Providers are a separate abstraction from jobs. While jobs handle user-initiated computation (workers pull tasks via FIFO claiming), providers handle server-dispatched read requests with result caching. A provider answers the question "give me this data" rather than "run this computation."

Jobs vs. Providers

Jobs Providers
Purpose User-initiated computation Remote resource access
Dispatch Workers pull/claim (FIFO) Server pushes to specific provider via SIO
Results Side effects (modify room state) Data returned to caller (cached)
Formats JSON payloads JSON or binary (msgpack, arrow, etc.)
HTTP pattern POST creates task, PATCH updates GET reads resource -- 200 (cached) or 202 (dispatched)
Communication REST only (claim loop) SIO for dispatch, REST for result upload

Jobs are fire-and-forget from the caller's perspective: a frontend submits a task and the worker modifies room state as a side effect. Providers are request/response: the caller blocks (long-polls) until the provider returns data, and that data is cached so subsequent identical requests return instantly.

Provider Read Flow

The read flow is the most complex interaction pattern in the system. It combines REST endpoints, a Redis-backed result cache, inflight coalescing via SET NX, Socket.IO dispatch, and pub/sub-based long-polling.

sequenceDiagram
    participant FE as Frontend
    participant S as Server (Router)
    participant RB as ResultBackend (Redis)
    participant SIO as Socket.IO
    participant PC as Provider Client (JobManager)

    FE->>S: GET /rooms/{room_id}/providers/{name}?params
    S->>S: request_hash = SHA256(canonical_json(params))
    S->>S: cache_key = "provider-result:{full_name}:{hash}"
    S->>RB: get(cache_key)

    alt Cache HIT
        RB-->>S: cached bytes
        S-->>FE: 200 OK + cached bytes (provider's content_type)
    else Cache MISS
        RB-->>S: None
        S->>RB: acquire_inflight(inflight_key, ttl)

        alt Inflight lock acquired
            RB-->>S: True
            S->>SIO: emit ProviderRequest to room "providers:{full_name}"
            SIO->>PC: ProviderRequest(request_id, provider_name, params)
        else Inflight already held
            RB-->>S: False
            Note over S: Skip dispatch (another request already triggered it)
        end

        S->>RB: wait_for_key(cache_key, timeout)
        Note over S: Blocks on Redis pub/sub

        PC->>PC: Instantiate Provider class with params
        PC->>PC: result = provider.read(handler)
        PC->>S: POST /providers/{id}/results<br/>Body: raw bytes, Header: X-Request-Hash

        S->>RB: store(cache_key, data, ttl)
        S->>RB: release_inflight(inflight_key)
        S->>RB: notify_key(cache_key) [pub/sub PUBLISH]

        RB-->>S: wait_for_key wakes, returns cached bytes
        S->>SIO: emit ProviderResultReady to room "room:{room_id}"
        S-->>FE: 200 OK + result bytes (provider's content_type)

        Note over S,FE: If timeout expires before result: 504 + Retry-After: 2
    end

Step-by-step breakdown

  1. Frontend sends GET /rooms/{room_id}/providers/{name}?params to the server.
  2. Server computes request_hash = SHA256(canonical_json(params)) using dependencies.request_hash().
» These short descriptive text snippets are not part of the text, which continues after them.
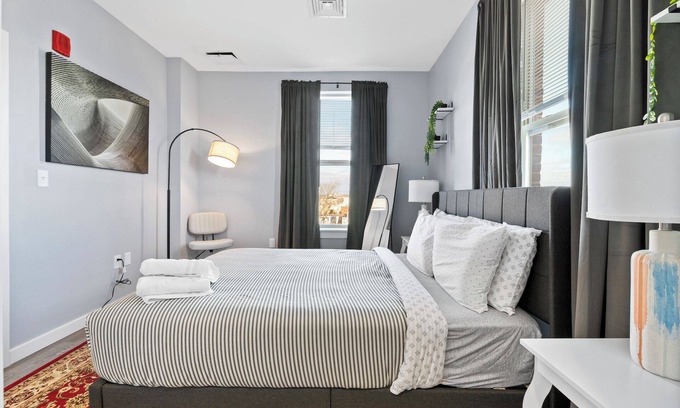 Everett Apartment | Beautiful 1BR Near Encore Boston 7828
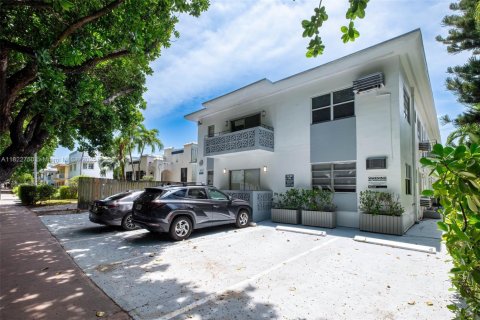 Propiedad comercial en venta en Miami Beach, Florida № 1937792 - foto 2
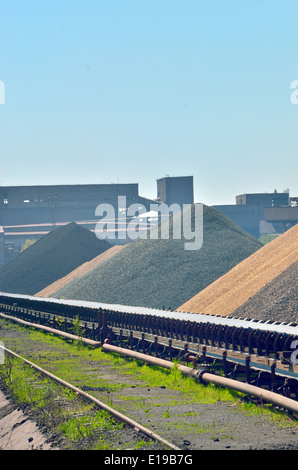 Un enorme carico di carbone nastro trasportatore pile del carbone Foto Stock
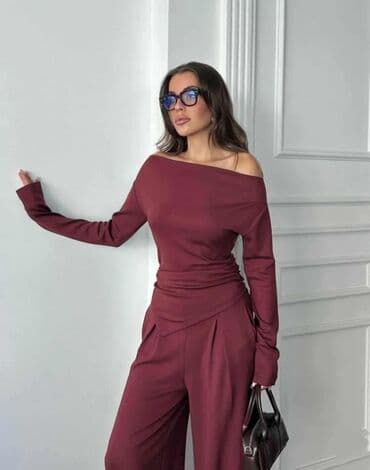 💫Ženski komplet – bluza i pantalone Cena kompleta 3300 din✅ - na lalafo.rs 💫Ženski komplet – bluza i pantalone Cena kompleta 3300 din✅ -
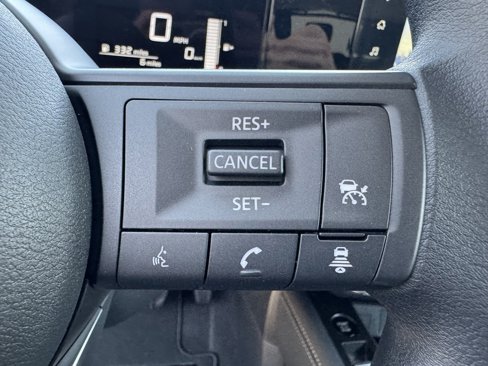 New 2025 Nissan Kicks SV image 15
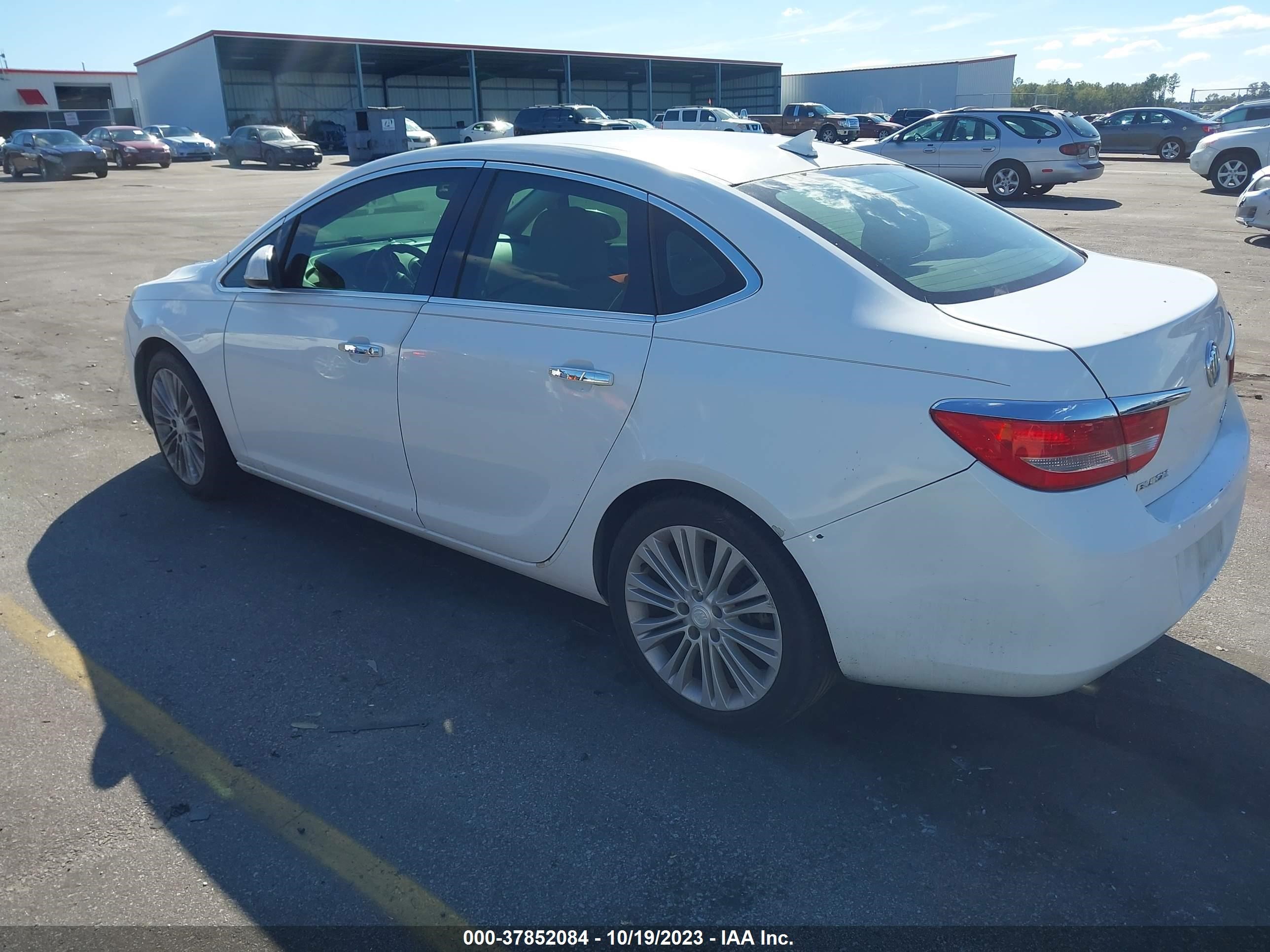 Photo 2 VIN: 1G4PP5SK3E4179653 - BUICK VERANO 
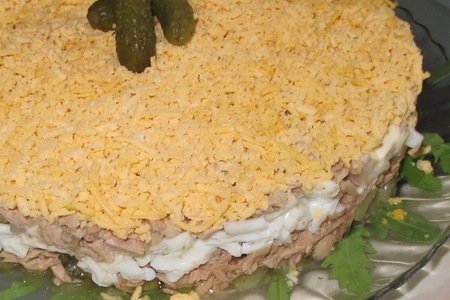 Фото к рецепту: Салат с печенью трески и тунцом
The canonical form is json.dumps(params, sort_keys=True, separators=(",", ":")).
  3. Server builds cache_key = "provider-result:{full_name}:{hash}" and checks result_backend.get(cache_key).
  4. Cache HIT: return 200 with the cached bytes and the provider's declared content_type.
  5. Cache MISS: attempt result_backend.acquire_inflight(inflight_key, ttl) using Redis SET NX semantics.
  6. If inflight acquired: emit a ProviderRequest event to the SIO room providers:{full_name}.
  7. If inflight NOT acquired (another request already dispatched for this hash): skip dispatch.
  8. Server calls result_backend.wait_for_key(cache_key, timeout), which blocks on Redis pub/sub.
  9. Provider client receives the ProviderRequest via its SIO connection (handled by JobManager._on_provider_request).
  10. Provider client instantiates the Provider subclass with the decoded params and calls provider.read(handler).
  11. Provider client sends POST /providers/{id}/results with the raw result bytes and an X-Request-Hash header.
  12. Server stores the result in the cache, releases the inflight lock, and calls notify_key(cache_key) to publish a pub/sub notification.
  13. Server emits ProviderResultReady to room:{room_id} so the frontend can refresh its UI.
  14. The wait_for_key call wakes up and returns the cached data. The server responds with 200 and the result bytes.
  15. If timeout: return 504 Gateway Timeout with RFC 9457 Problem Details and a Retry-After: 2 header.

Inflight Coalescing

Multiple concurrent requests with identical params must not dispatch multiple ProviderRequest events. The inflight lock (acquire_inflight with Redis SET NX + TTL) ensures only the first request triggers a dispatch. All concurrent requests block on the same cache_key via wait_for_key().

flowchart TD
    A["Request arrives"] --> B{"Check cache<br/>get(cache_key)"}
    B -- "HIT" --> C["Return 200<br/>with cached bytes"]
    B -- "MISS" --> D{"acquire_inflight<br/>(SET NX + TTL)"}
    D -- "Acquired" --> E["Emit ProviderRequest<br/>via Socket.IO"]
    D -- "Not acquired" --> F["Skip dispatch<br/>(another request already did)"]
    E --> G["wait_for_key(cache_key, timeout)"]
    F --> G
    G --> H{"Result arrives<br/>before timeout?"}
    H -- "Yes" --> I["notify_key wakes waiters<br/>Return 200"]
    H -- "No" --> J["Return 504<br/>Retry-After: 2"]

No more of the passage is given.